A verdade mesma; a cruenta, insensível e
pernóstica verdade, é que apenas descobriremos o quanto é insignificante a
pueril história de nossa existência pessoal quando ela já tiver se esgotado
totalmente. Há um completo abandono de si mesmo e em si mesmo, pois o que
queremos da vida não é nada. Ela nada significaria não fosse finita, inútil, frívolo
e impossível desejo de imortalidade.
Nossas mães estrelas, entretanto, são tão
inalcançáveis pela vastidão do Universo, que nem nossa galopante imaginação
jamais será capaz de presumir o confim mais distante e desassossegado do cosmo.

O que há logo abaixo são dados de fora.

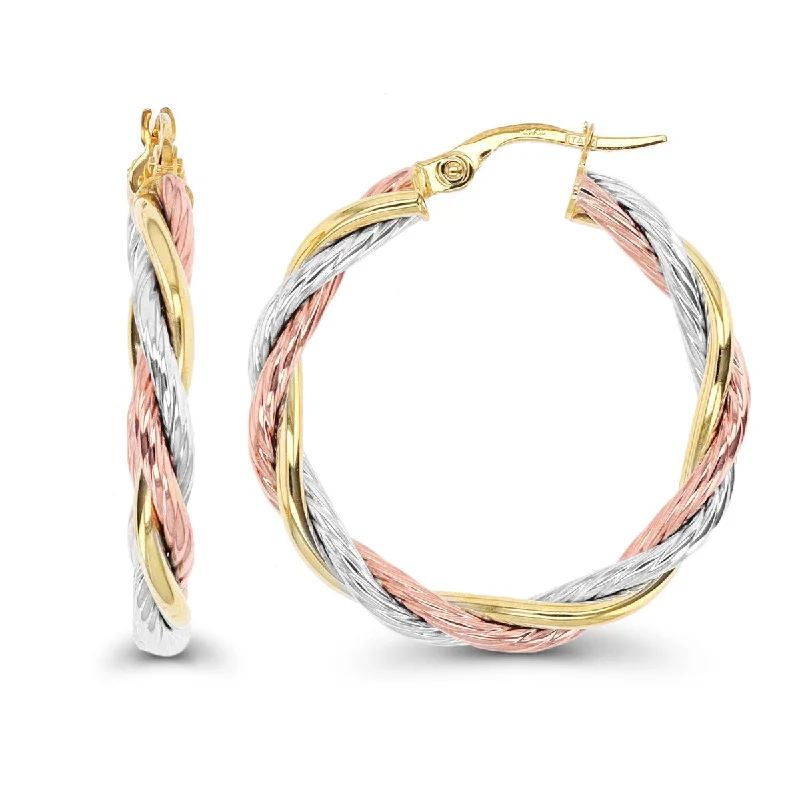 Women’s sapphire earrings-10KT Gold Tri-Color 30X3MM Hoop Earrings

Nada existirá para além da nossa consciência? E em reverso, tudo o que pensamos
há? Há então, aquele mundo paralelo, de luz pujante, sabedoria incomparável e
beleza indescritível que alicerço em minha podre mente? Não há mais o
pernóstico sentimento de sofrimento que decreto seja extirpado de minhas
entranhas tão despoticamente quanto o mais vulgar dos tiranos decreta a morte
de seus conselheiros mais temíveis?
Decreto vão; ignóbil este, pois não se
invalida o que se emprenha na própria essência. Que horror, pois segue
existindo dentro de mim o que dentro de mim suicidei. Não se nega o sentimento
mais legítimo, tanto quanto não se omite a maré da irresistível força
gravitacional da charmosa lua.
Ah, aquela lua! Redonda, bela, prateada
que boia na vastidão da noite pululada por um ror incontável de estrelas. As
estrelas, todas elas, são presumidamente maiores que a lua. Da nossa
perspectiva, no entanto, é a lua que não passa indiferente diante da nossa
acabrunhada vista. É a lua, a pequena filha das estrelas (tal como nós), não a
mãe de toda a matéria cósmica, quem é imprescindível aos enamorados;
irresistível às águas e ao próprio ciclo de vida do nosso pequeno planeta.
Vês, assim, como é míope a nossa visão do
mundo e da vida?
Jorge Emicles Pinheiro
Paes Barreto
Refletir tão aprofundadamente a existência é ato de incrível peso. Admiro a coragem nestes mergulhos.